> [TASK ITEM] Copy the records below in full, keeping each word as it is but omitting the pictures.

> [WORKING DATA]
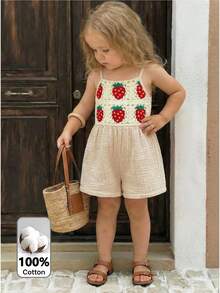 LMoss Kids Pelele de bebé niña con estampado de fresa en unicolor tejido - Albaricoque - Ver 7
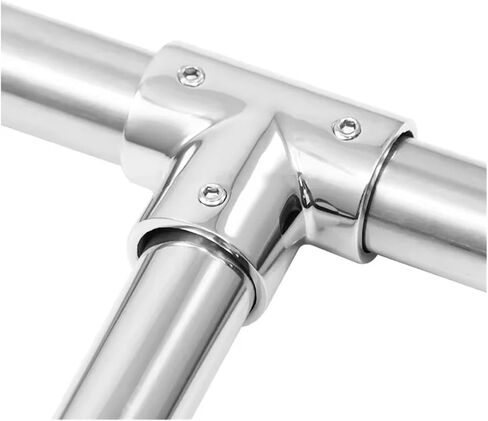 تركيبات السفن تركيب السكك الحديدية 3-Way Tee Fitting Tube Pipe Connector 316 الفولاذ المقاوم للصدأ لقارب اليخوت في الهواء الطلق Bimini Top Tube Fastener الأجهزة البحرية (22 مم - 1 قطعة) تجهيزات السباكة in Kuwait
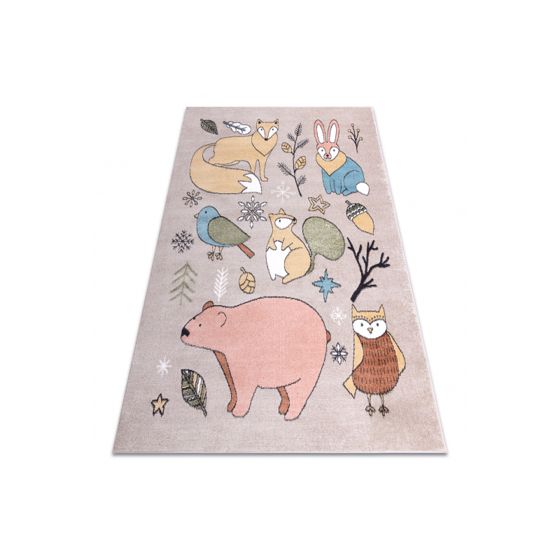 Matto FUN Forester lapsille, eläimet, metsä beige 140x190 cm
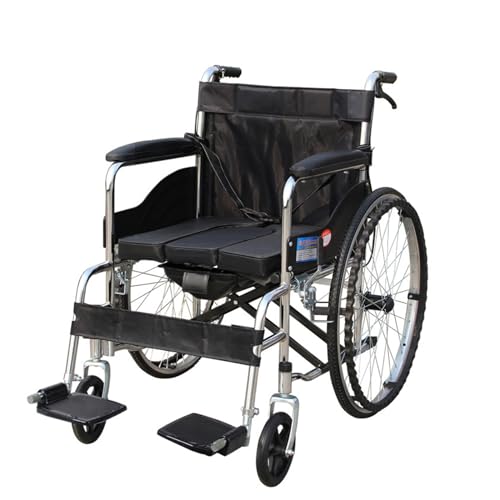 Klappbarer Rollstuhl, leichter Rollstuhl für ältere Menschen Outdoor-Rollstuhl selbstfahrende Rollstühle tragbarer Roller für Erwachsene,Black
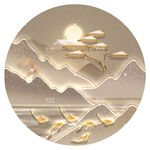 山水麋鹿挂画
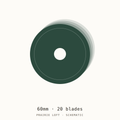 Schematic drawing of a 60mm rotary blade, twenty to a pack, drawn to relative scale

> [TASK ANSWER]
 LMoss Kids Pelele de bebé niña con estampado de fresa en unicolor tejido - Albaricoque - Ver 7
 تركيبات السفن تركيب السكك الحديدية 3-Way Tee Fitting Tube Pipe Connector 316 الفولاذ المقاوم للصدأ لقارب اليخوت في الهواء الطلق Bimini Top Tube Fastener الأجهزة البحرية (22 مم - 1 قطعة) تجهيزات السباكة in Kuwait
 Matto FUN Forester lapsille, eläimet, metsä beige 140x190 cm
 Klappbarer Rollstuhl, leichter Rollstuhl für ältere Menschen Outdoor-Rollstuhl selbstfahrende Rollstühle tragbarer Roller für Erwachsene,Black
 山水麋鹿挂画
 Schematic drawing of a 60mm rotary blade, twenty to a pack, drawn to relative scale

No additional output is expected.